PROBLEM TO SOLVE:
When copying the records below, keep every word as it is and drop the images.

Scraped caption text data
•••••
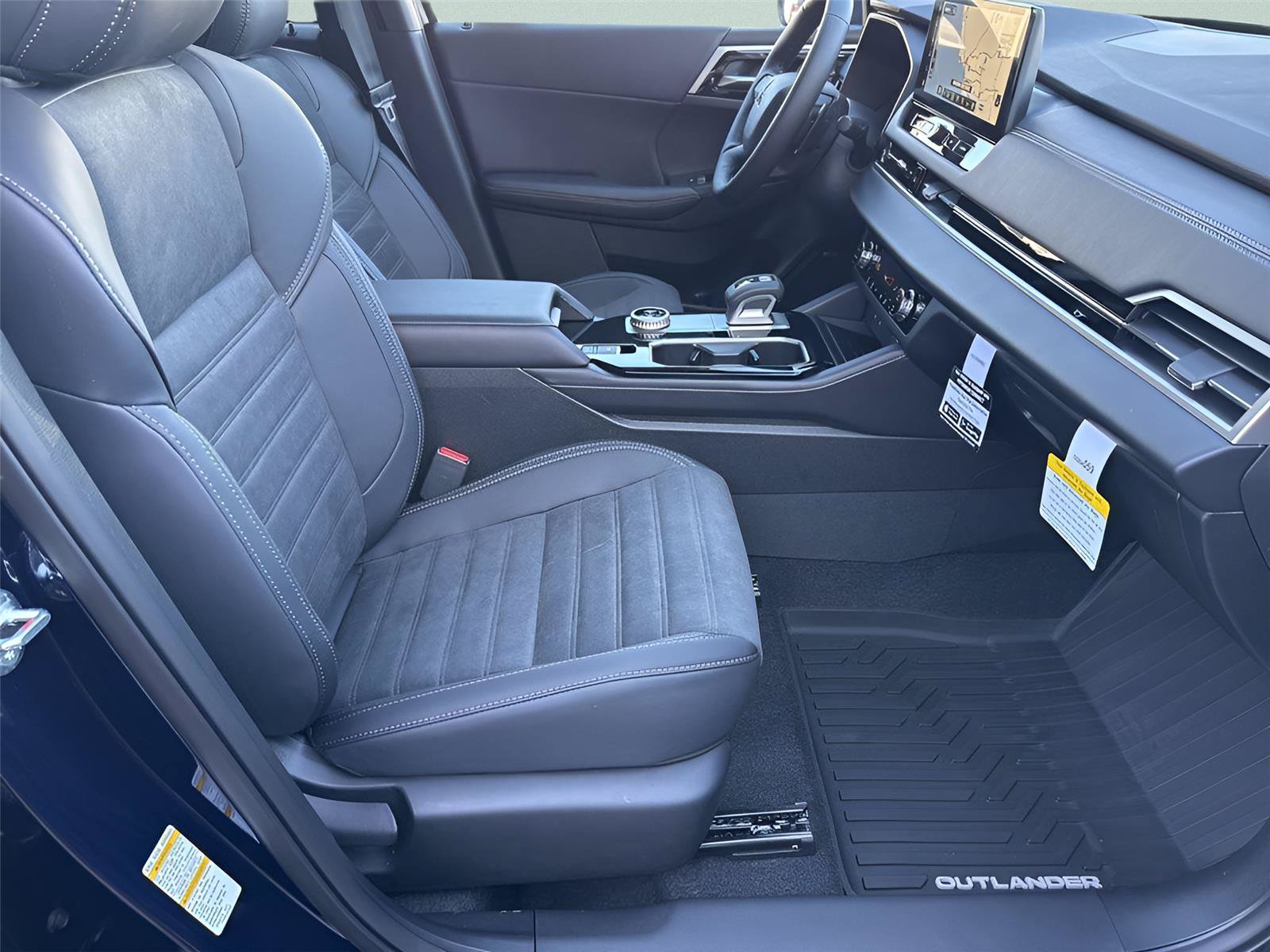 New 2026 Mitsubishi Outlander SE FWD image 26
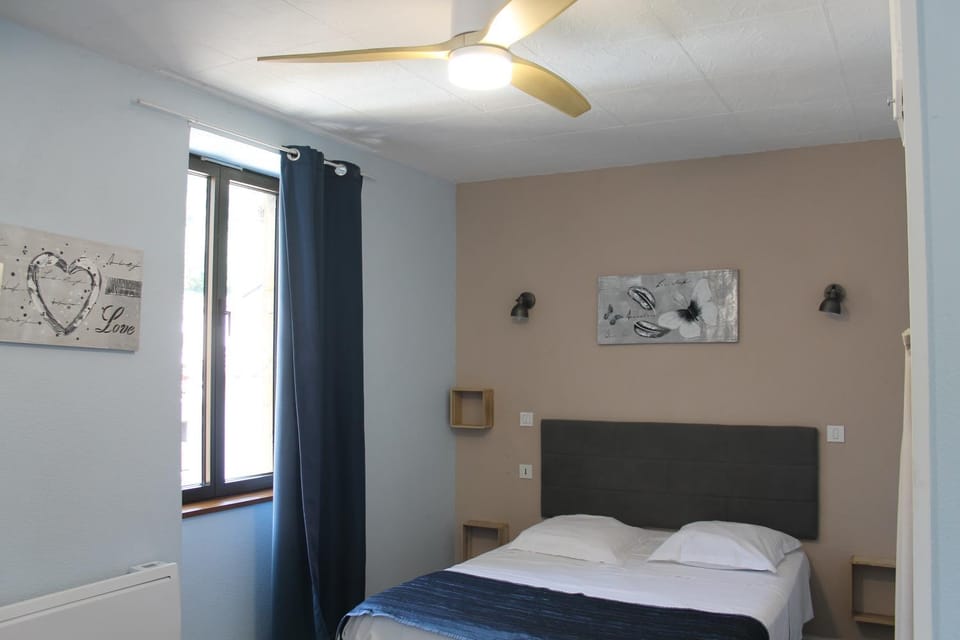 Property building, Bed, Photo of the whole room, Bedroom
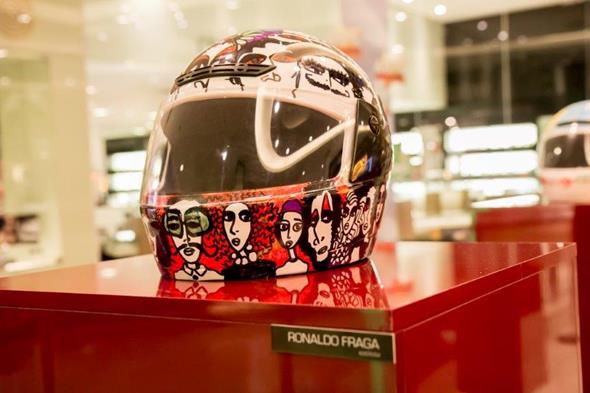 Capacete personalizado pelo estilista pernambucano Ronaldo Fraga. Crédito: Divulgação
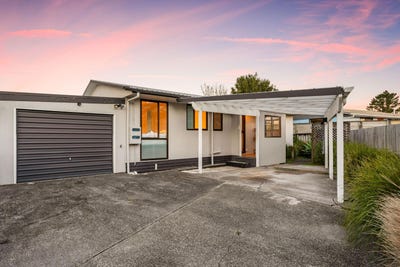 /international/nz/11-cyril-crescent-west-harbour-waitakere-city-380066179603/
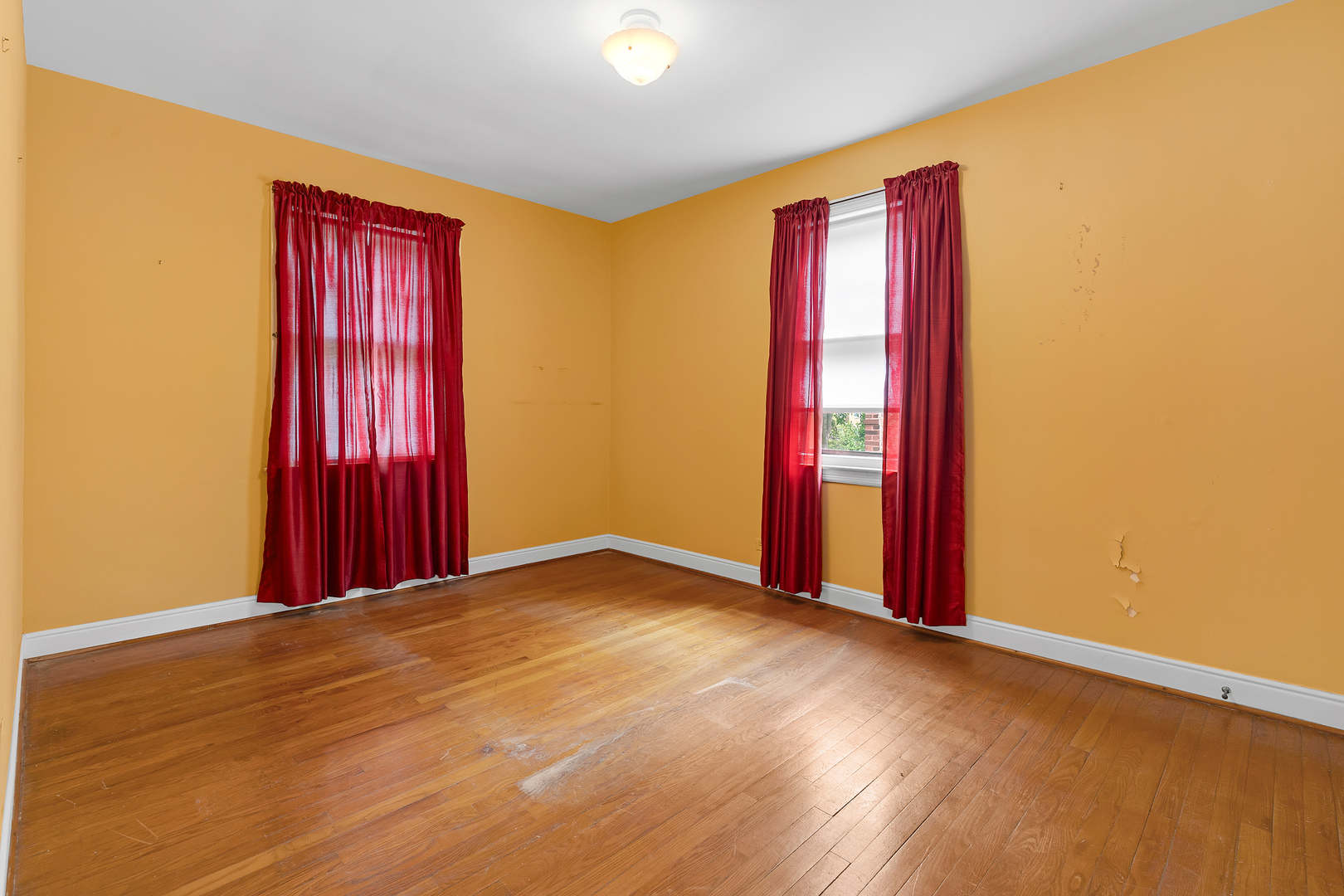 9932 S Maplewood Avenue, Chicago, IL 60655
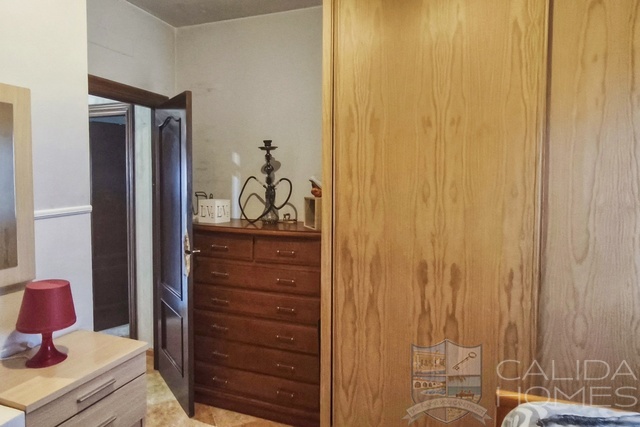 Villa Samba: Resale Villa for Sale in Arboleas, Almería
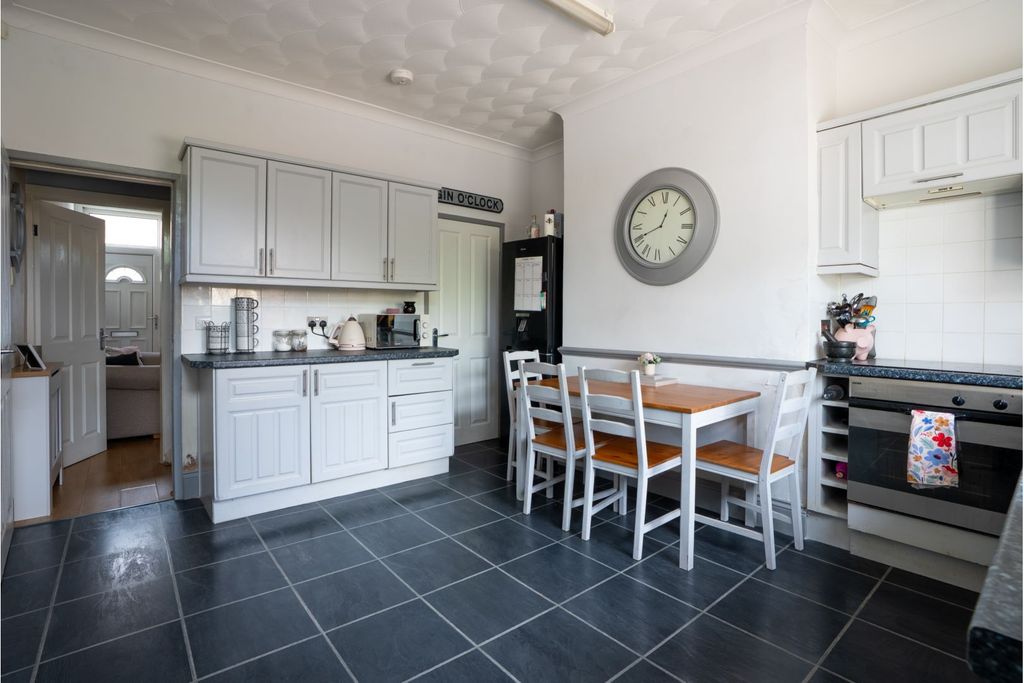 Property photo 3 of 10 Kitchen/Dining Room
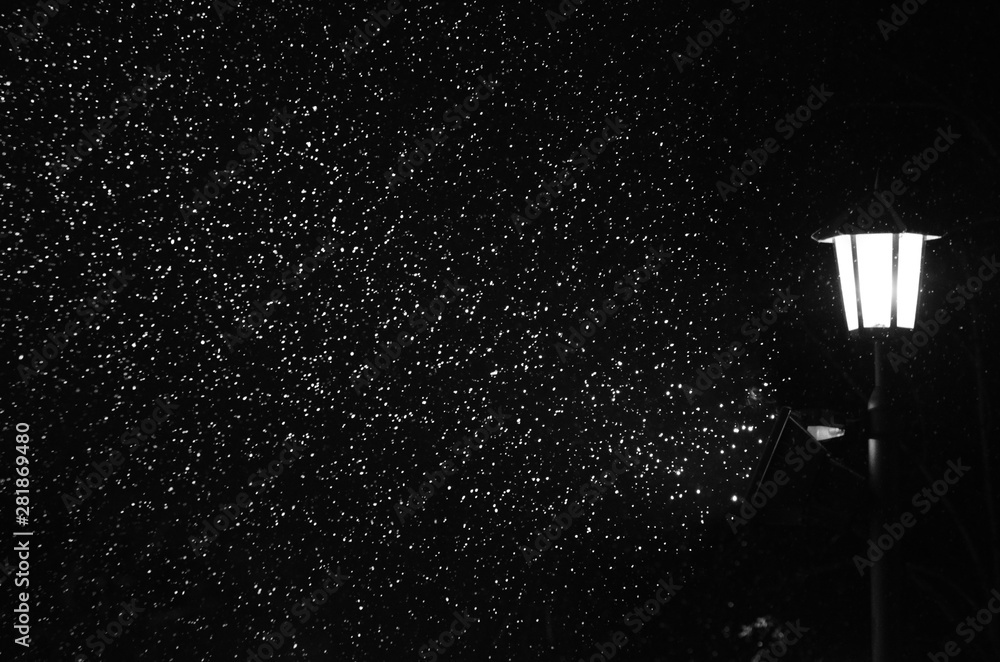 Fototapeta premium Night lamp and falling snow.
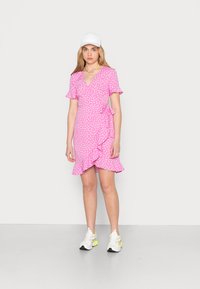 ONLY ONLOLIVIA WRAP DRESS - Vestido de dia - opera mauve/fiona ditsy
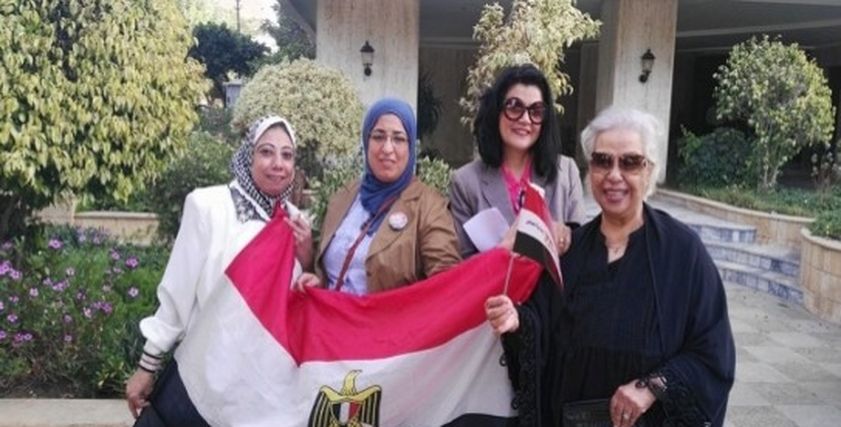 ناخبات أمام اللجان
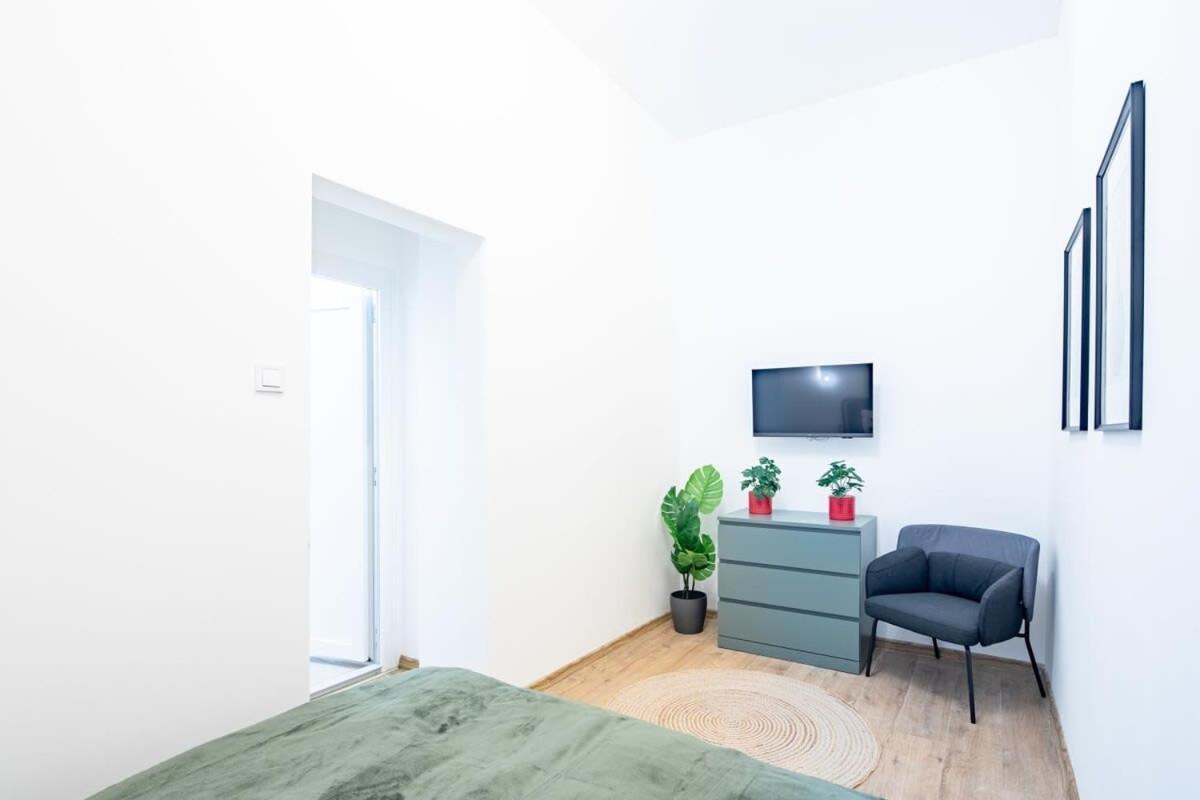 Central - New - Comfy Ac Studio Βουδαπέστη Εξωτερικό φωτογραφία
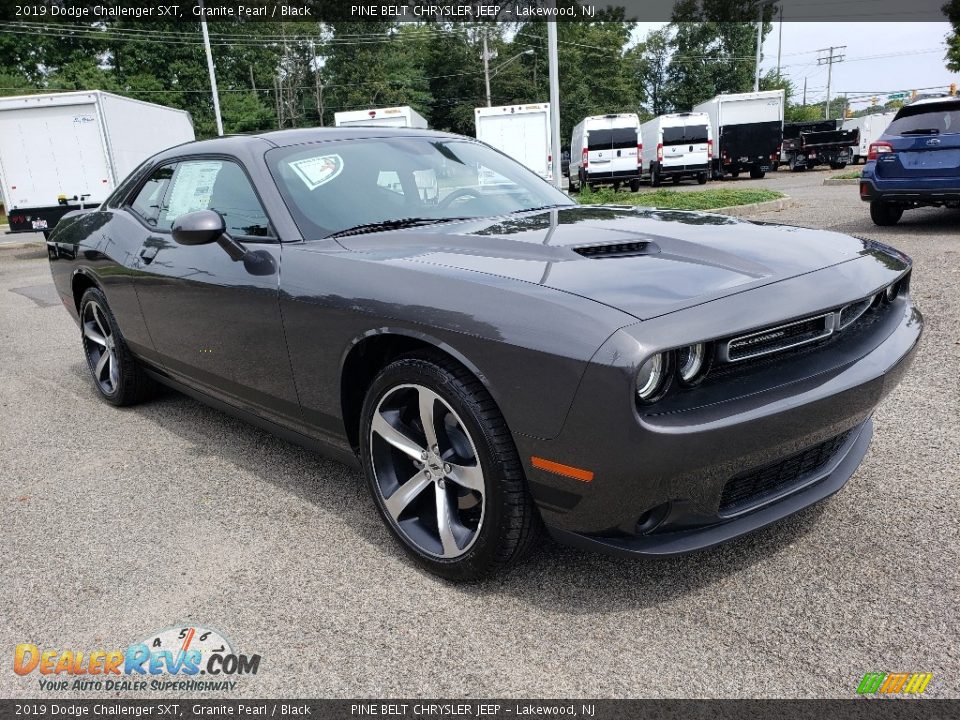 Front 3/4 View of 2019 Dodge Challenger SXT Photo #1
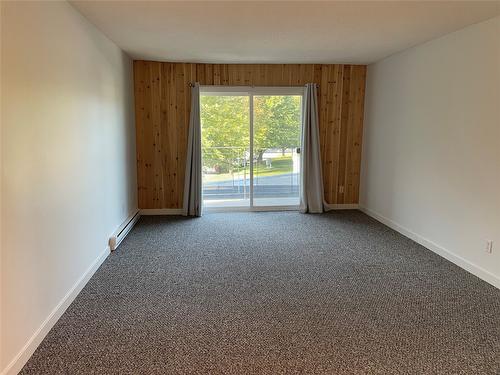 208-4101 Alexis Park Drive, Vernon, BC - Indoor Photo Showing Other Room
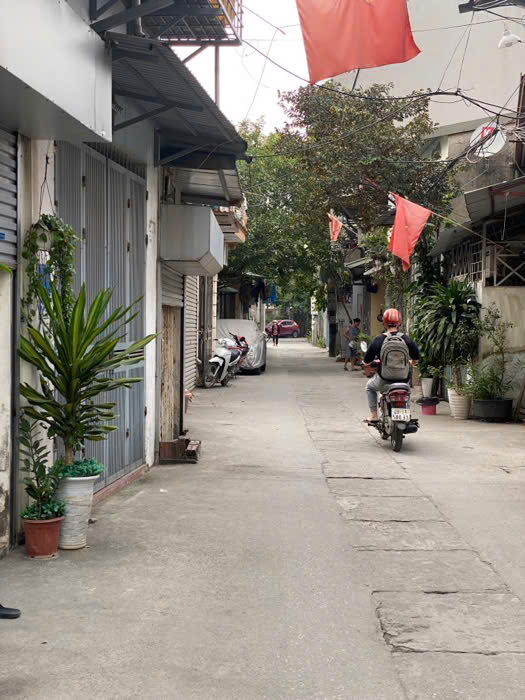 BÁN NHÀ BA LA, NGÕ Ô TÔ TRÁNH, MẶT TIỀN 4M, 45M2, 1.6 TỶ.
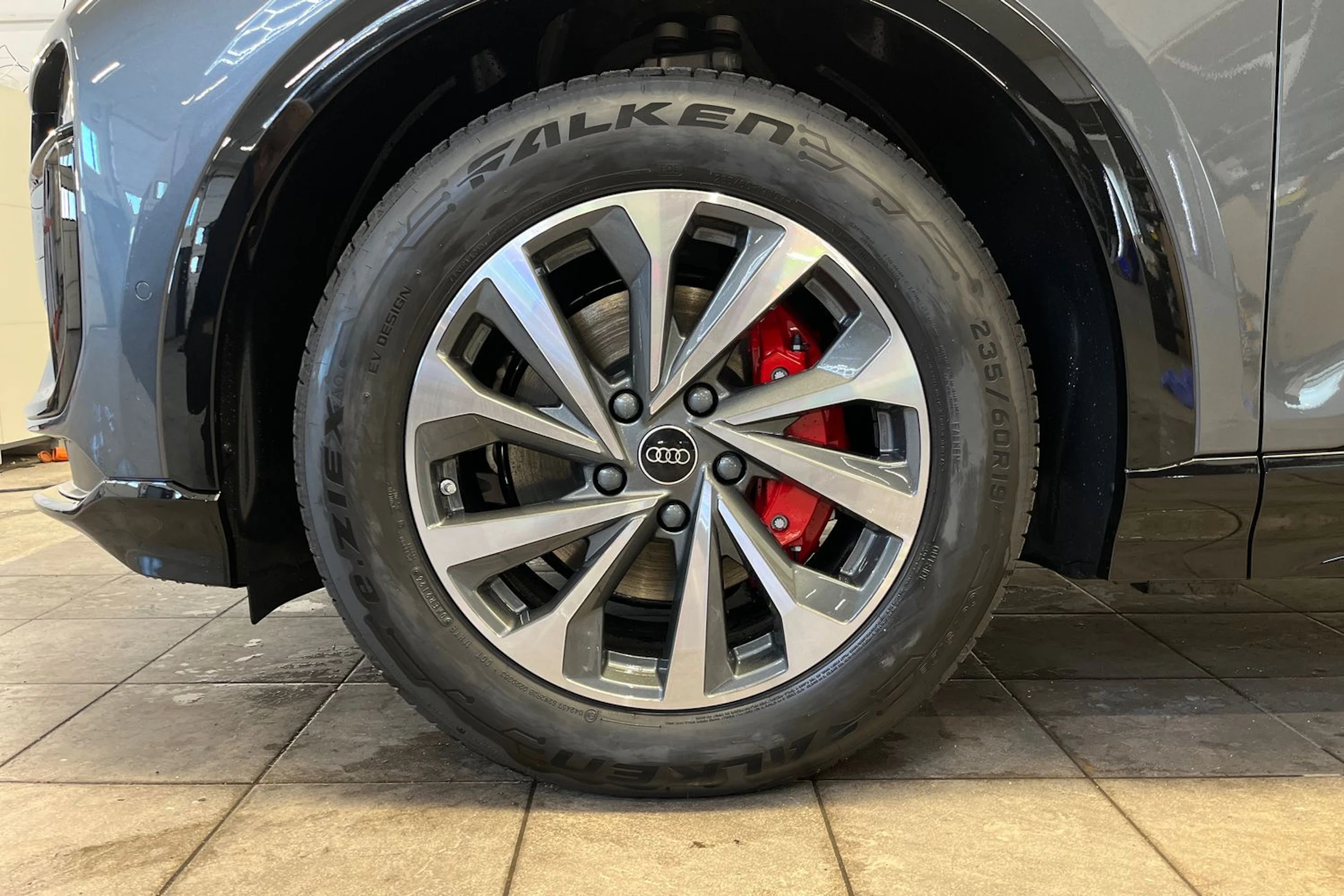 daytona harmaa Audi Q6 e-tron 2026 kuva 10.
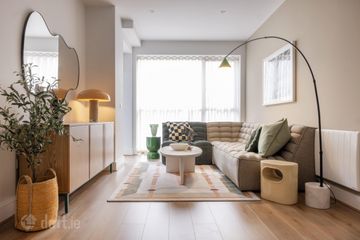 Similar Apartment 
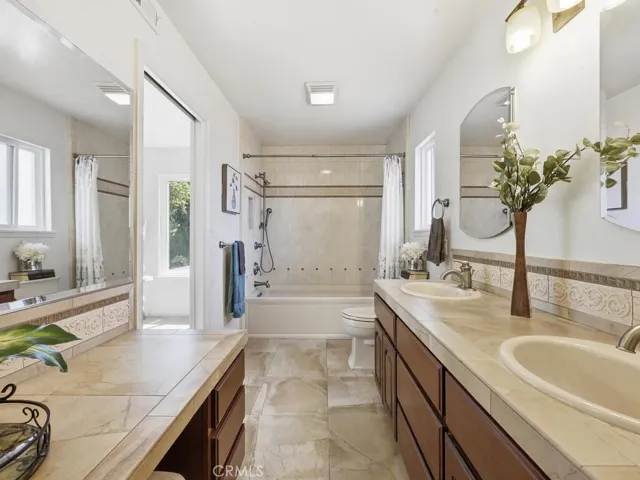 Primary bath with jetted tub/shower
•••••
EXPECTED ANSWER:
 New 2026 Mitsubishi Outlander SE FWD image 26
 Property building, Bed, Photo of the whole room, Bedroom
 Capacete personalizado pelo estilista pernambucano Ronaldo Fraga. Crédito: Divulgação
 /international/nz/11-cyril-crescent-west-harbour-waitakere-city-380066179603/
 9932 S Maplewood Avenue, Chicago, IL 60655
 Villa Samba: Resale Villa for Sale in Arboleas, Almería
 Property photo 3 of 10 Kitchen/Dining Room
 Fototapeta premium Night lamp and falling snow.
 ONLY ONLOLIVIA WRAP DRESS - Vestido de dia - opera mauve/fiona ditsy
 ناخبات أمام اللجان
 Central - New - Comfy Ac Studio Βουδαπέστη Εξωτερικό φωτογραφία
 Front 3/4 View of 2019 Dodge Challenger SXT Photo #1
 208-4101 Alexis Park Drive, Vernon, BC - Indoor Photo Showing Other Room
 BÁN NHÀ BA LA, NGÕ Ô TÔ TRÁNH, MẶT TIỀN 4M, 45M2, 1.6 TỶ.
 daytona harmaa Audi Q6 e-tron 2026 kuva 10.
 Similar Apartment 
 Primary bath with jetted tub/shower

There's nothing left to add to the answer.